How do architects respond to this criticism? Even the most famous architects sometimes lack maturity in front of a critique that is directed to them. Frank Gehry, one of the most famous architects of our century, ends up pulling up a middle finger and calling “98 percent of what gets built and designed today pure shit” after being denounced for designing architecture only for show.

However, if architecture was only about providing us with practical buildings that are simply made with the only objective of fulfilling our needs, we would have a planet full of buildings that are repetitions of one and another.

What if contemporary architecture wasn’t full of nonsense?

Contrary to many people’s knowledge, contemporary architecture does have several elements that help us define it. Firstly, the selection of the right materials holds an extremely significant place. Generally, architects tend to lean towards materials such as metal, concrete, sustainable wood, glass and steel. That being said, unconventional building materials and industrial materials are what contemporary architects are inclined towards.

Another notable characteristic is the place innovation and technology have in contemporary architecture. Designs with curves or cut edges are a living example of the use of these innovations and technologies. The use of sustainable materials is also a part of great innovation and maintains high importance in today’s society.

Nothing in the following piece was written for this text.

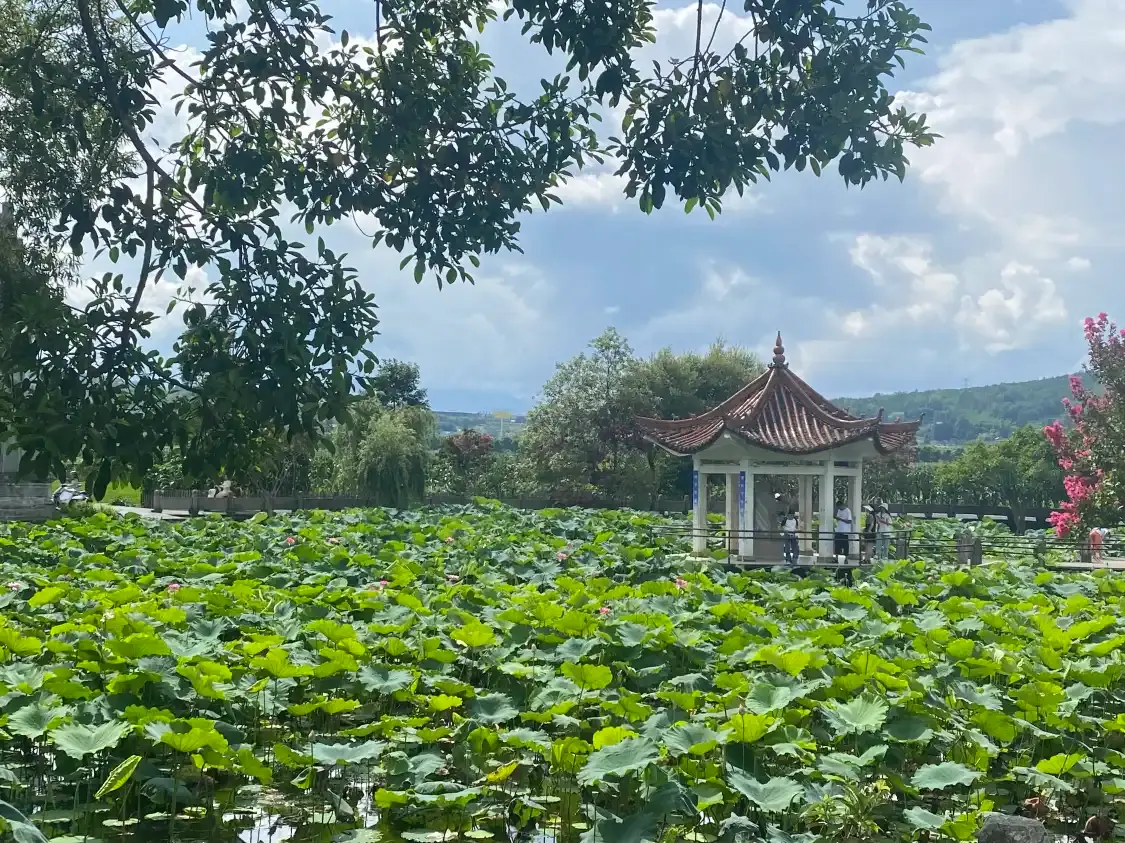 Hotels near Wenzhi Guangchang Archway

In general, most contemporary buildings tend to have a free-flowing form with creativity screaming from every corner of the building. The extensive use of curved lines tends to remain one of the principal characteristics. Geometric simplicity, whether it’s with curves or a flat roof, is what architects tend to lean towards. It’s also where the beauty of contemporary architecture lies.

Examples of contemporary architecture

To start, let’s take a look at the design of one of the most famous museums in the world: The Guggenheim Museum in Bilbao, Spain. This building was built between 1993 and 1997, designed by Frank Gehry. With this structure, Gehry introduced a distinguishable way to museum design.

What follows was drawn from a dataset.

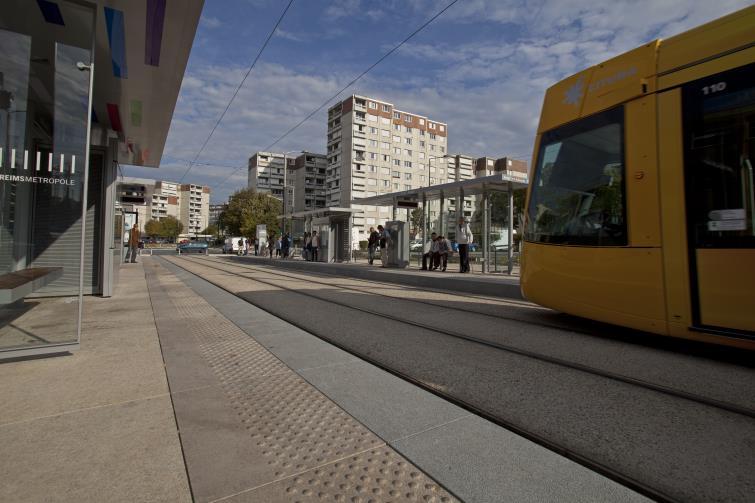 Conclusions Modern light rail has become a very attractive mode of transport thanks to Segragation Full priority at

Guggenheim Museum – Bibao, Spain

If we were to focus on architecture combining nature and humans together, a perfect example would be the Gardens by the Bay in Singapore built in 2012. This nature park was designed by two architects: Grant Associates & Architects and Wilkinson Eyre Architects.

Gardens – Bay, Singapore

Traveling from Singapore back to Switzerland, an award-winning architecture lies just a few kilometers from Lausanne in Institut Le Rosey, Rolle. This building was created by Bernard Tschumi. It is mostly used as a concert hall, but it also houses art rooms, a library, a cafeteria, conference rooms and many other facilities for the students studying at Institut Le Rosey.

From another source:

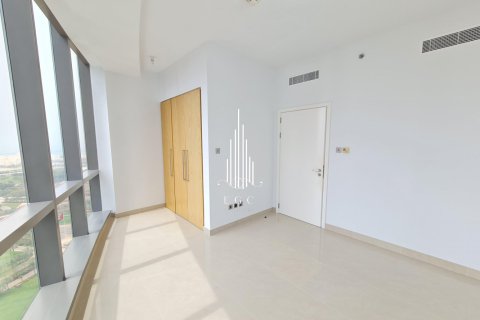 Apartment de 3 dormitorios en Corniche Road, UAE No. 32175 7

Institut Le Rosey – Rolle, Switzerland

An article on contemporary art has to contain at least one building from Zaha Hadid. As architect Rem Koolhaas said, “Zaha Hadid is a planet in her own inimitable orbit.” She created architectural perfection with her buildings. Being known as the “queen of curves,” Hadid portrays this perfectly with her Heydar Aliyev Centre design that is located in Baku, Azerbaijan. After five years of construction, the building was finished in 2012.

Heydar Aliyev Centre – Baku, Azerbaijan

Bird’s Nest is the National Stadium of Beijing. It was designed by architects Jacques Herzog, Pierre de Meuron, Ai Weiwei and Li Xinggang. This stadium that was built in 2007 shows us a unique and undoubtedly eye-catching way to design a stadium. It was specifically designed for the 2008 Beijing Olympic Games and managed to mark its territory in people’s minds with its characterful design that resembles a bird’s nest.

Bird’s Nest, National Stadium – Beijing, China

After taking a look at all these contemporary architectures that are all entirely different from each other, one question pops into my mind “what makes a building special?”

The answer to this question will vary from one individual to another. For me, what makes contemporary architecture much more exceptional is the freedom architects how to express themselves. With buildings that all resemble a sculpture, we can see the power of art and design when it comes to designing a remarkable living space for humans.